Grad student workers are asking for increases to pay and the elimination of mandatory fees that make it hard for many students to make ends meet.

BLOOMINGTON, Ind — NOTE: This story has been adjusted after Quan Le Thien told 13News he is actually a research assistant and not an associate instructor. He also corrected his claim that he is on food stamps, and instead said he looks for discounts when shopping for groceries.

Sunday night into Monday afternoon, hundreds of graduate students who work at Indiana University Bloomington voted in favor of a strike on campus. 
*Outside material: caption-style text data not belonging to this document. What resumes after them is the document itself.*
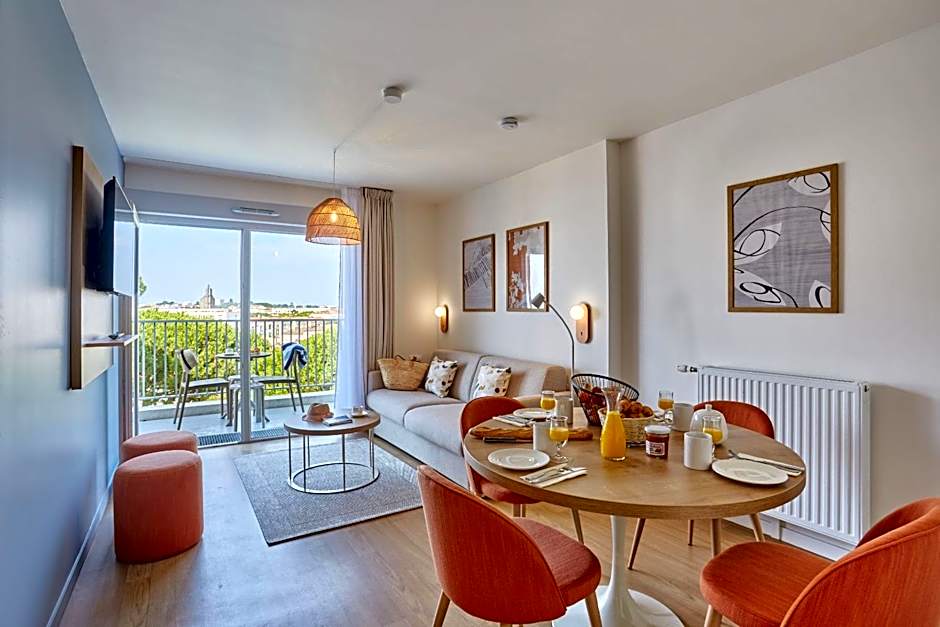 Résidence Odalys L'Orée du Parc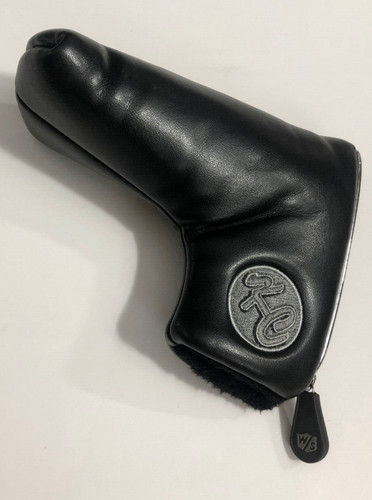Kirk currie putter head - currie,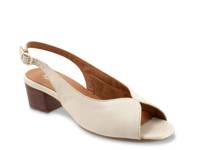 Lakewood Sandal Off White view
The grad students there are working to form a union so they can better negotiate with the university, stressing their wages have been too low for too long. Now, they're taking action in hopes of seeing changes made on campus to give grad students a seat at the table. 
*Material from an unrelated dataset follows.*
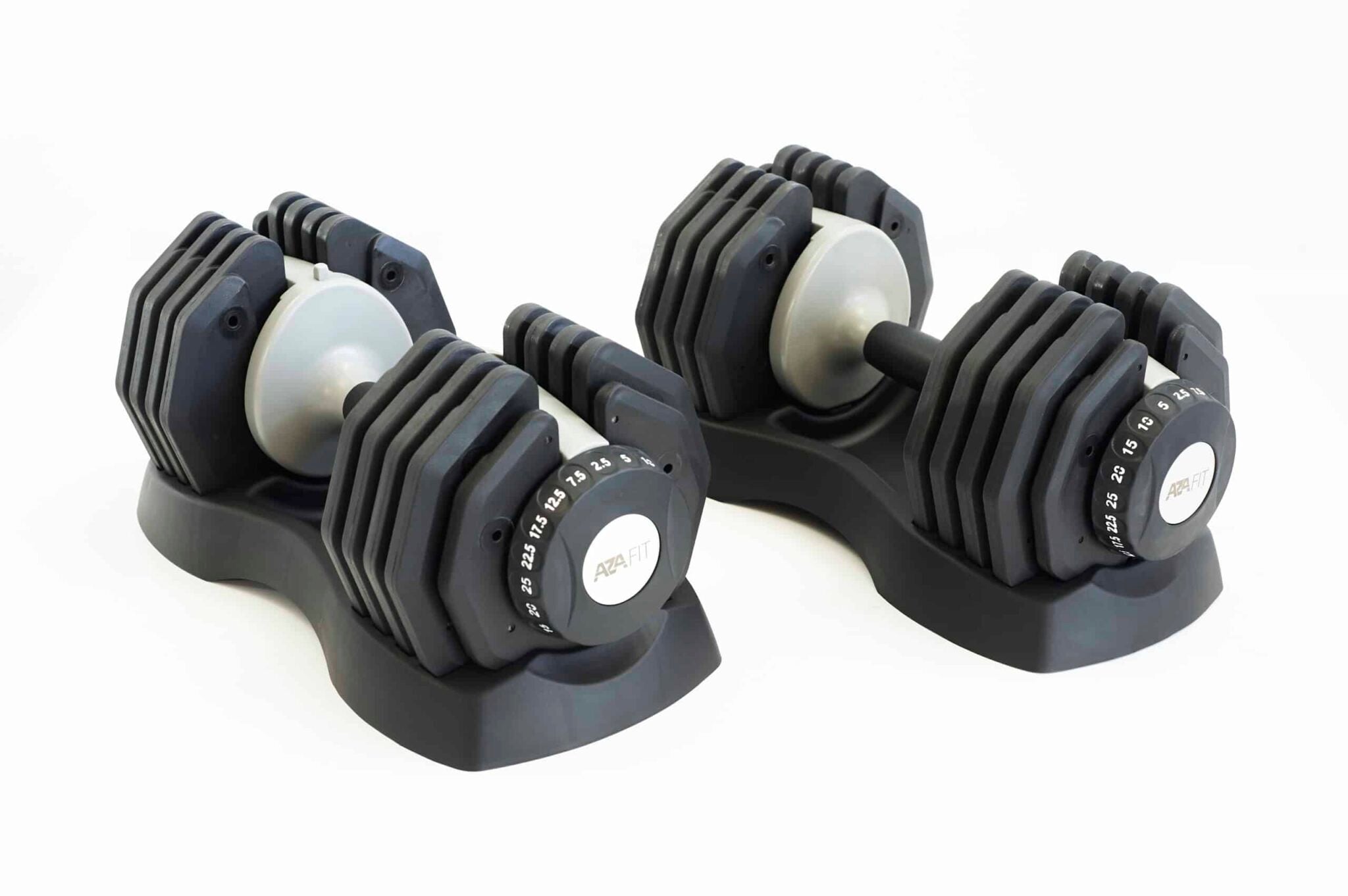 Haltere Ajustável 2.5kg - 25Kg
Grad student workers are asking for increases to pay and the elimination of mandatory fees that make it hard for many students, especially international students, to make ends meet.

According to organizers, grad students overwhelmingly voted in favor of a strike. More than 1,000 students voted to strike, while 23 voted no. The strike will begin on campus Wednesday at 10 a.m.
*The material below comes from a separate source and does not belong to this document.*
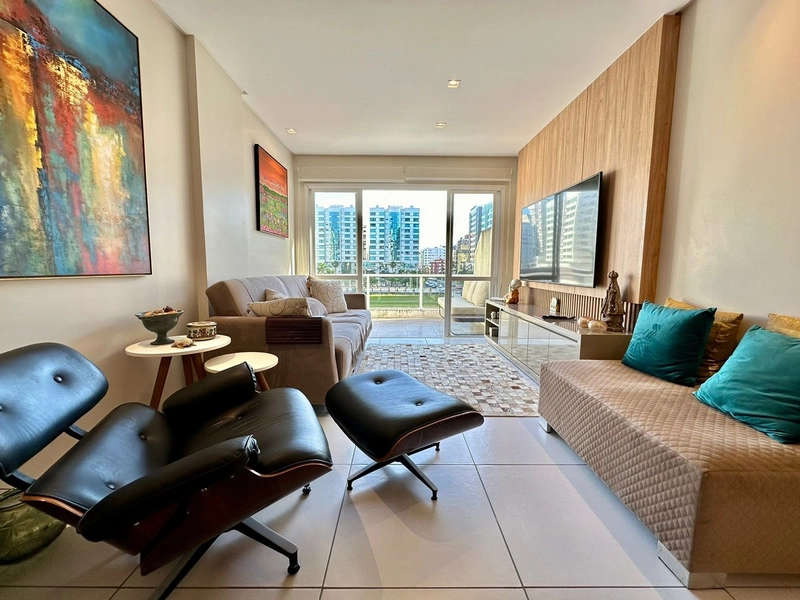 Apartamento em Capão com terraço: 9ª foto da galeria de imagens do imóvel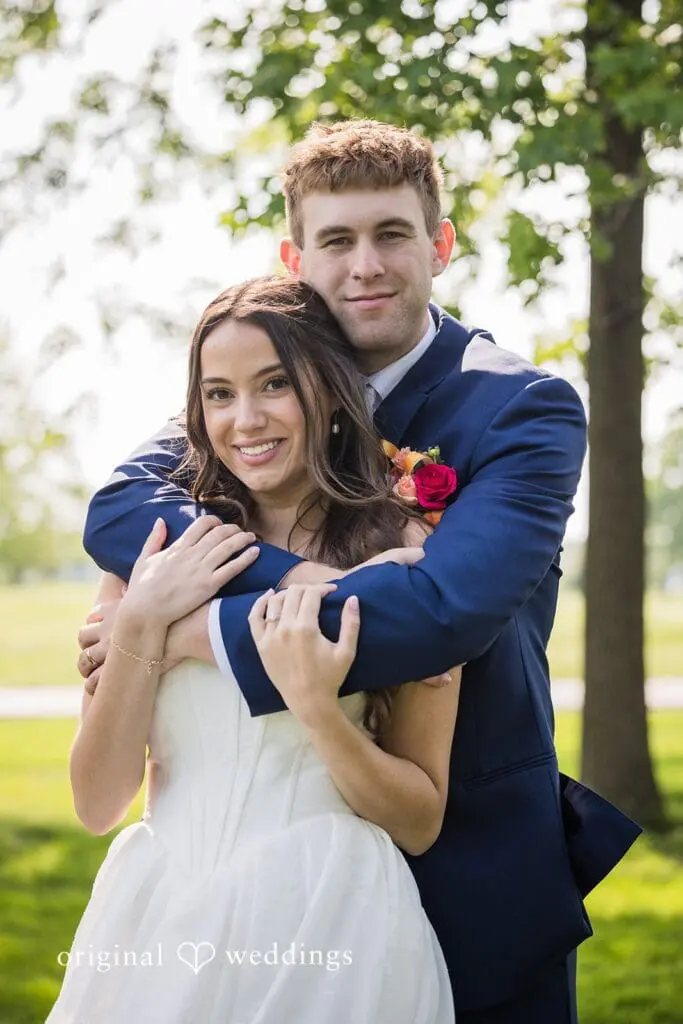 The Cardinal Room Wedding // Sarah & Cooper -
Quan Le Thien is in his second year of his PhD in physics at IU. He takes classes and teaches around 20 hours a week. In one month, Le Thien said he makes about $1,400, but $200-$250 of that goes right back to the university in fees. 

"It's pretty hard," Le Thien said.

"This institution runs because we do," said Valentina Luketa, a grad student worker. Grad students teach classes and run studios, but Luketa said they feel underpaid and undervalued.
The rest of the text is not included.